The models built by Offline Model Builder were cross-validated (leaving out 20% of data, for outliers the standard deviation multiplier was set to 5) to obtain the correct classification rate, as well as the number of failures and outliers and a matrix displaying the number of correctly and incorrectly identified samples of each classification. To additionally test discrimination, sample classifications were randomised and the data were re-analyzed, the expectation being a random distribution of samples and the inability to achieve separation.

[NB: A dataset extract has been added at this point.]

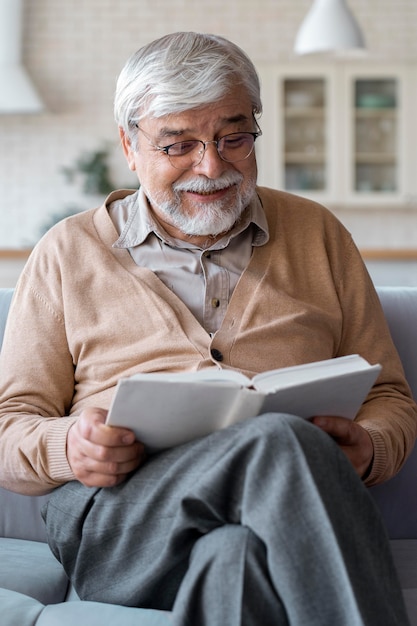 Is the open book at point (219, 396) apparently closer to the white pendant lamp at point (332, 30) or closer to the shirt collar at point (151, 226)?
the shirt collar at point (151, 226)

For further analysis with R, the data matrix of each model was exported as a .csv file from Offline Model Builder, containing information about classification and the relative intensities for every mass bin. The matrices were used to perform random forest analysis in R using the package ‘randomForest’20. The data sets were randomly split into a training set (approx. 70% of the data) and a test set (approx. 30% of the data). Random forest results are displayed in form of confusion matrices. Trees were conducted 10 times for every model (using a different, randomly selected subset of samples for training and testing every time); the numbers of correctly identified and confused samples were turned into percentages and averaged. The optimal number of trees and mtry value were determined during the first analysis of each model and kept the same for each repeated analysis. A second R package, called ‘randomForestExplainer’21, was used to identify the most informative bins/ions that were driving class separation. PCA-LDA was also performed within the R environment, using the in-built package ‘stats’ and the package ‘MASS’22 and results visualized in form of kernel density plots and 2D- and 3D-scatter plots created using ‘ggplot2’23 and ‘scatterplot3d’24. PC-LDA based models were built with a quarter of the maximum number of principal components (PCs) unless stated otherwise. In OMB, models were built with a maximum of 100 PCs.